Archived narrative project run by Ohio State and Georgia State reaches 6,000 submission milestone


U.S. President Jimmy Carter was the first person on his father’s side of the family to graduate high school. According to the former leader of the free world, because education and reading was always emphasized in his home, Carter was reading before he began school. Because of his parent’s attention to the importance of reading at such an early age, Carter was a speed reader, reading up to 2000 words per minute.

Unique and interesting facts, especially when contrasted with the first line of his recent contribution to the Digital Archive of Literacy Narratives: “I’m afraid I don’t have a very good story,” said Carter.

The Ohio State University, in conjunction with Georgia State University, run The Digital Archive of Literacy Narratives (DALN), which is a publicly available archive of personal literacy narratives in a variety of formats (text, video, audio) that together provide a historical record of the literacy practices and values of contributors, as those practices and values change. It is intended as a resource for students, teachers, and scholars interested in how we learn to read, write, and make meaning of the world around us.

Carter’s contribution is significant not only because of his contribution to history as an American president, but also because it comes at the same time the DALN reached a milestone of 6,000 submissions. Other significant contributors to the literacy archives include: U.S. Senator Sherrod Brown; former Ohio State President, E. Gordon Gee; and Columbus, Ohio Mayor Michael Coleman, not to mention British spy novelist Frederick Forsyth and U.S. figure skating champion Rachael Flatt.

 

"We had a lot of books in the house, and my parents ordained that anyone could read at the table during mealtimes...."                              President Jimmy Carter                                                                                                                                                                                    

                                                                                                                                 

According to DALN project co-director Ben McCorkle, an associate professor of English who teaches courses in composition, rhetoric, literary publishing, and digital media at Ohio State Marion, the project goes well beyond just archiving individual stories.

“The ultimate goal, said McCorkle, is to create this ongoing sustainable collection of how people learn to read and write.
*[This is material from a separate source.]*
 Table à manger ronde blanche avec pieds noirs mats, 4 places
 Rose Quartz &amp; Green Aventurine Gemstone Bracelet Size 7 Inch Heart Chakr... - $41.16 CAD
Its value lies in its ability to continue growing, because each new submission adds to a data set that can help us better understand how we learn literacy skills, the kinds of things that motivate or discourage us when learning.”

“More broadly than that, even, we collect stories about how people acquire knowledge and skills related to a variety of activities that define their lives,” he explained, “like workplace literacy, gaming literacy, academic literacy, and military literacy, just to offer a few examples.”

Organizers of the archive will accept submissions in a variety of formats, video, audio, text, or whatever format people would like to submit.

“Sometimes people submit a narrative and send additional digitized files such as an old report card, pictures of children’s books, or things they’ve written themselves,” explained McCorkle.

“Technology is an interesting facet of these submissions,” said McCorkle. “When you have someone like Jimmy Carter come in and he writes about learning ‘Gregg shorthand’ in a typewritten narrative, those kind of details are lost to history if you don’t study them and keep those narratives alive.

“The idea behind figuring out how to navigate those social spaces is itself an act of literacy. That is obviously far more complicated than just learning your alphabet, and something we're very interested in archiving.”

“That is essentially what the DALN is collecting,” McCorkle surmised.

Initially developed in 2006, the DALN started at OSU under the leadership of English professors Cynthia Selfe and H. Lewis Ulman, with the help of faculty at institutions including Miami University, University of Illinois at Urbana-Champaign, and Illinois State, among others. In addition to McCorkle, the project is currently co-directed by Michael Harker at Georgia State. The DALN invites people of all ages, races, communities, backgrounds, and interests to contribute stories about how — and in what circumstances — they read, write, and compose meaning, and how they learned to do so (or helped others learn). They welcome personal narratives about reading and composing all kinds of texts, both formal and informal: diaries, blogs, poetry, musical lyrics, school papers, videos, etc.